Ce dispositif peut être prévu dans le cadre d'une convention collective ou d'un accord de branche.

Bon à savoir : en cas de reprise anticipée du travail, c'est à l'employeur d'informer par tout moyen la CPAM de la reprise anticipée.

Bénéficiaires des indemnités journalières

Pour percevoir des indemnités journalières, il faut remplir les conditions d'ouverture des droits qui dépendent de la durée de l'arrêt de travail et de la situation du salarié.

Pour un arrêt de travail inférieur à 6 mois

Le salarié doit :

  • avoir travaillé au moins 200 heures au cours des trois mois précédant l'arrêt de travail ;
  • ou avoir cotisé sur un salaire au moins égal à 1 015 fois le montant du SMIC horaire au cours des six mois précédant l'arrêt.

Pour un arrêt de travail supérieur à 6 mois

Le salarié est considéré en arrêt maladie de longue durée si la durée de son arrêt de travail est supérieur à 6 mois. Pour être indemnisé, le salarié doit :

  • justifier de 12 mois d'immatriculation en tant qu'assuré social auprès de l'assurance maladie, à la date de l'arrêt de travail ;
  • et :
    • soit avoir travaillé au moins 800 heures au cours des 12 derniers mois, dont 200 heures durant les 3 premiers mois ;
    • soit avoir cotisé sur un salaire au moins égal à 2 030 fois le montant du SMIC horaire au cours des 12 mois précédant l'arrêt de travail, dont au moins 1 015 fois le montant du SMIC horaire au cours des 6 premiers mois.

Cas particuliers

Les saisonniers ou les personnes exerçant une profession en discontinu ne remplissant pas les conditions indiquées ci-dessus, doivent :

  • avoir travaillé au moins 800 heures au cours des douze mois civils ou des 365 jours consécutifs précédant l'arrêt ;
  • ou avoir cotisé sur un salaire au moins égal à 2 030 fois le montant du SMIC horaire au cours des douze mois civils précédant l'arrêt de travail.

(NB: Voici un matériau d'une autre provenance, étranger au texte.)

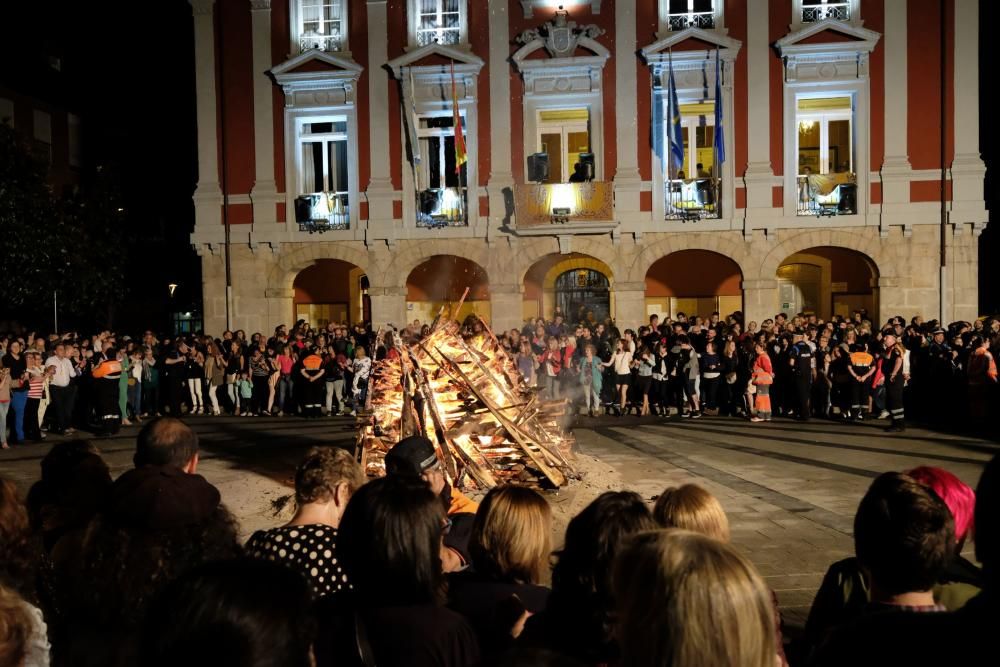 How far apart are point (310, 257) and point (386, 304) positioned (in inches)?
104

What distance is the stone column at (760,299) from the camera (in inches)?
848

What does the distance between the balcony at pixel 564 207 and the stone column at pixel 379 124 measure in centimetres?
384

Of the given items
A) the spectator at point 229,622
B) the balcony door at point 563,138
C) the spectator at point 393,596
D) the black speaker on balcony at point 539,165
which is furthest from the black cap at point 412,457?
the balcony door at point 563,138

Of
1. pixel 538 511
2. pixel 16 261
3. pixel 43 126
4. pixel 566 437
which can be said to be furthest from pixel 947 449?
pixel 43 126

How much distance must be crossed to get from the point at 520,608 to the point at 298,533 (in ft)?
3.26

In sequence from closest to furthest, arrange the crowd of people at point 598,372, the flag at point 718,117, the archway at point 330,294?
the crowd of people at point 598,372 → the flag at point 718,117 → the archway at point 330,294

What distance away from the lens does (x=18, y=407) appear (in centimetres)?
1404

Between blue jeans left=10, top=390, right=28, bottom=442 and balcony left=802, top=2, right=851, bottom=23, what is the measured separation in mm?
20685

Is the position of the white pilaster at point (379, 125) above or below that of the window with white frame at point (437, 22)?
below

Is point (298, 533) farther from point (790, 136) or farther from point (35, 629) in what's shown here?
point (790, 136)

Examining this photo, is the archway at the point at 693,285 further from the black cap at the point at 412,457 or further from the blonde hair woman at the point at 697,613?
the blonde hair woman at the point at 697,613

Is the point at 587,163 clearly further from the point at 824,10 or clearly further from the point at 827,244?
the point at 824,10

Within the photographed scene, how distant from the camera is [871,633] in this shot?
1.60 m

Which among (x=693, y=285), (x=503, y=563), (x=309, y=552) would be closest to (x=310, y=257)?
(x=693, y=285) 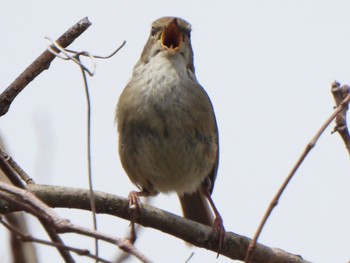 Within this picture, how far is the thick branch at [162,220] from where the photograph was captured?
3078 millimetres

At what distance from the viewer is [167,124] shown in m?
4.48

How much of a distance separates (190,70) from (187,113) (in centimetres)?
57

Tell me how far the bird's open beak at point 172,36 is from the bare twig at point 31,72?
1.84m

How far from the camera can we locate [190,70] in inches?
199

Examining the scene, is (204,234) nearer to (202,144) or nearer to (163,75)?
(202,144)

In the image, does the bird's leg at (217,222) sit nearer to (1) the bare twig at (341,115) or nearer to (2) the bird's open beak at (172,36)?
(2) the bird's open beak at (172,36)

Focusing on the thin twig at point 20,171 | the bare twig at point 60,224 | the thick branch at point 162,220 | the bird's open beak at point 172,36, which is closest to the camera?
the bare twig at point 60,224

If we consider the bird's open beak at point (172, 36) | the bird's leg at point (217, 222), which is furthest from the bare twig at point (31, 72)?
the bird's open beak at point (172, 36)

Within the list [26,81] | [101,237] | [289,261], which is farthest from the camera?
[289,261]

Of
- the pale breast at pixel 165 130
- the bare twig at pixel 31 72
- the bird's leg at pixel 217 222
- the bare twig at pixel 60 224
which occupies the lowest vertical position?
the bird's leg at pixel 217 222

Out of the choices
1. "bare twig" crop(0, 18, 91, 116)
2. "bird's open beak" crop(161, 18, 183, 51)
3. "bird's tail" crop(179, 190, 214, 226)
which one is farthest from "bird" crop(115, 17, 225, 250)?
"bare twig" crop(0, 18, 91, 116)

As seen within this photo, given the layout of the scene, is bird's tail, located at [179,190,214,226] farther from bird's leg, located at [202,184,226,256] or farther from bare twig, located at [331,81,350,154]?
bare twig, located at [331,81,350,154]

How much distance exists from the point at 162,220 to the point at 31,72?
0.90m

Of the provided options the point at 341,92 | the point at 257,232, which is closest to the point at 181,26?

Dans le cas où l'arrêt de maladie dépasse les 6 mois, ces salariés doivent attester de douze mois d'immatriculation en tant qu'assuré social auprès de l'Assurance maladie.

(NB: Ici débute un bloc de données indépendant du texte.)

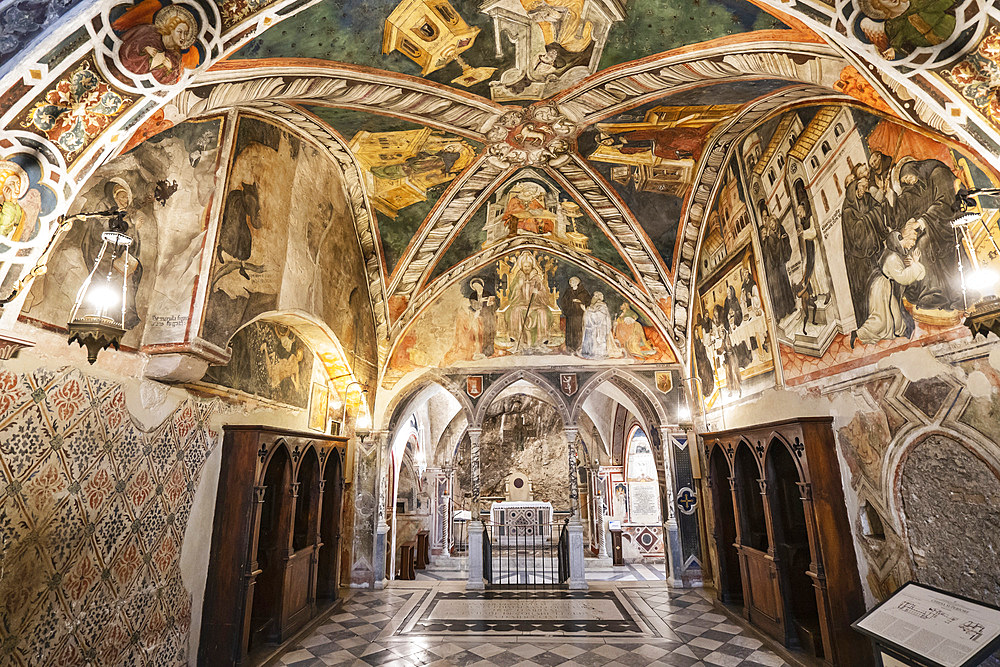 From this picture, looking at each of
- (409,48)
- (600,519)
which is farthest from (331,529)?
(600,519)

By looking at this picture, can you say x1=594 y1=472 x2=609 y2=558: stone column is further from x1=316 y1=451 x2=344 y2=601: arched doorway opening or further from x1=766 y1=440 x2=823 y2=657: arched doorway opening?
x1=766 y1=440 x2=823 y2=657: arched doorway opening

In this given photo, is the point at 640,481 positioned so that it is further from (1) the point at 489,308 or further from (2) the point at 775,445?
(2) the point at 775,445

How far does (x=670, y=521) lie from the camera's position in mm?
10492

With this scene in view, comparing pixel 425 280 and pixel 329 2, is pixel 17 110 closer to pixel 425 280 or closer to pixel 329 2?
pixel 329 2

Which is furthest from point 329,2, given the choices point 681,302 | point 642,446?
point 642,446

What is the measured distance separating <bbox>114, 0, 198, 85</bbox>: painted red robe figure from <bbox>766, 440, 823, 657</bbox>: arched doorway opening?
7.52 meters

Salaire et maladie : montant des indemnités journalières

L'indemnité journalière, touchée par le salarié pendant son arrêt de travail, représente 50 % de son salaire journalier de base. Ce dernier est calculé sur la moyenne des salaires bruts soumis à cotisations des trois derniers mois travaillés précédant l'arrêt de travail, ou des 12 mois en cas de profession à caractère saisonnier ou discontinu, pris en compte dans la limite de 1,8 fois le SMIC mensuel en vigueur.

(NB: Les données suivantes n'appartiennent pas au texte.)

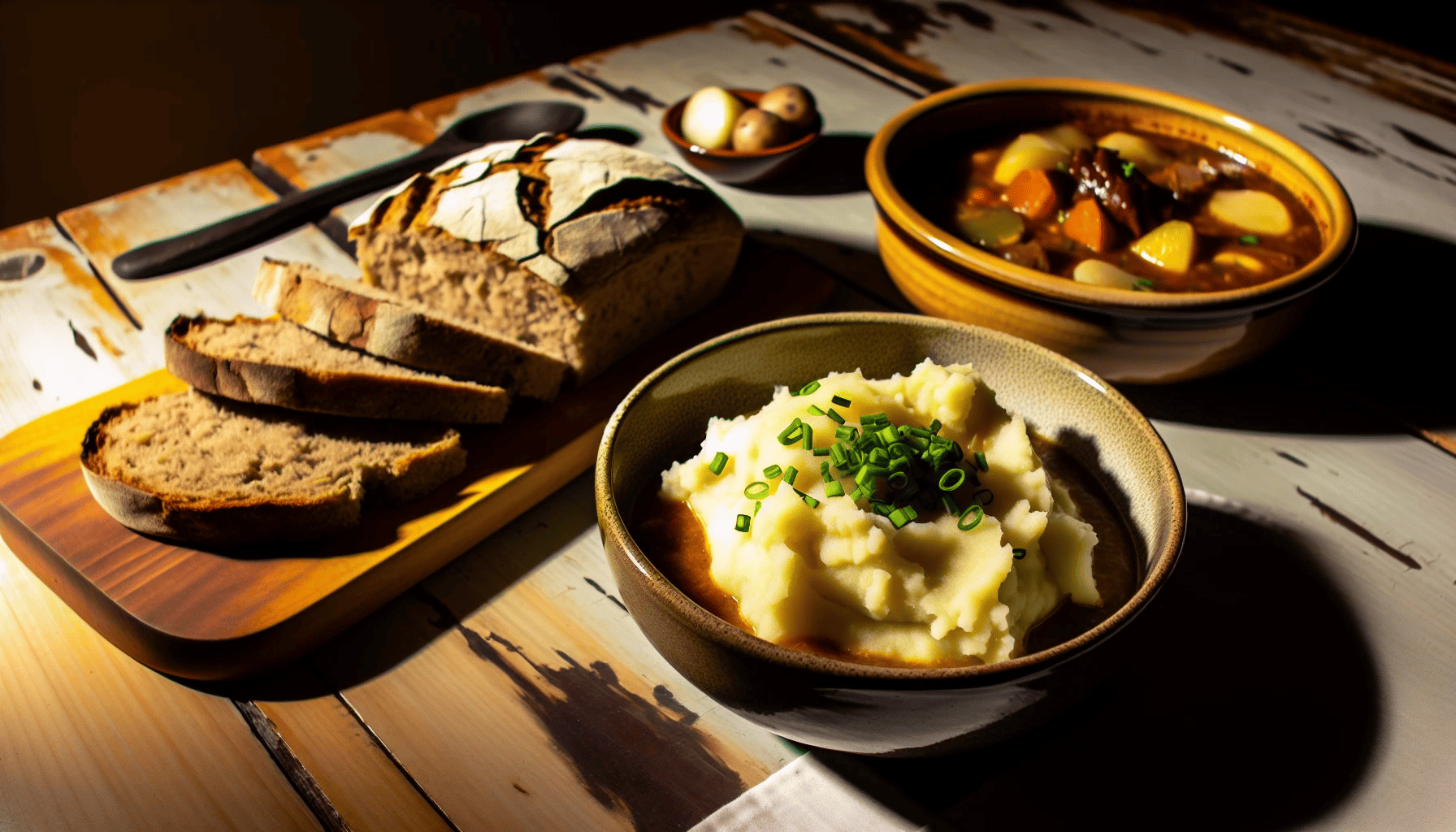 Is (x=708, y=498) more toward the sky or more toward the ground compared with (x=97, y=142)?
more toward the sky

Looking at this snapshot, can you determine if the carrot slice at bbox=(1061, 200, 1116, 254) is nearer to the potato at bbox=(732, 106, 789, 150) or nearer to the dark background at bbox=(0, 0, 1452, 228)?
the potato at bbox=(732, 106, 789, 150)

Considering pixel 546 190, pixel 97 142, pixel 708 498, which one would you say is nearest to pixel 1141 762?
pixel 708 498

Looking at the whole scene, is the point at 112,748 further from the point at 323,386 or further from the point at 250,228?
the point at 250,228

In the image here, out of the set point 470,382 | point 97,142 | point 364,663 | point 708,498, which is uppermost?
point 708,498

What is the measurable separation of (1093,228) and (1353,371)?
695mm

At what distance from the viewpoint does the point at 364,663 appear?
160 centimetres

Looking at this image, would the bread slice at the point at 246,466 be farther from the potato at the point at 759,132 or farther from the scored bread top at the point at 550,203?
the potato at the point at 759,132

Au 1er mai 2023, le montant maximum de l'indemnité journalière est de 51,70 €.

Bon à savoir : un téléservice de dépôt des pièces jointes a été mis en place pour remplacer la procédure d'envoi des pièces justificatives par mail. Ce service est accessible aux employeurs du régime général d’Assurance maladie ainsi qu’à leurs mandataires (expert-comptable, comptable, etc.) sur le site net-entreprise.fr via leur compte d'entreprise. Il permet d’envoyer à la CPAM toutes les pièces nécessaires pour le règlement des indemnités journalières.

Fiscalité des indemnités journalières : soumises aux prélèvements

Les indemnités journalières sont soumises :

  • aux prélèvements sociaux au titre de la CRDS (contribution au remboursement de la dette sociale) et de la CSG (contribution sociale généralisée) ;
  • à l'impôt sur le revenu, excepté si elles ont un rapport avec une affection de longue durée (ALD).

Pour déclarer les indemnités journalières, la caisse d'assurance maladie transmet au salarié une attestation fiscale pour compléter la déclaration de revenus.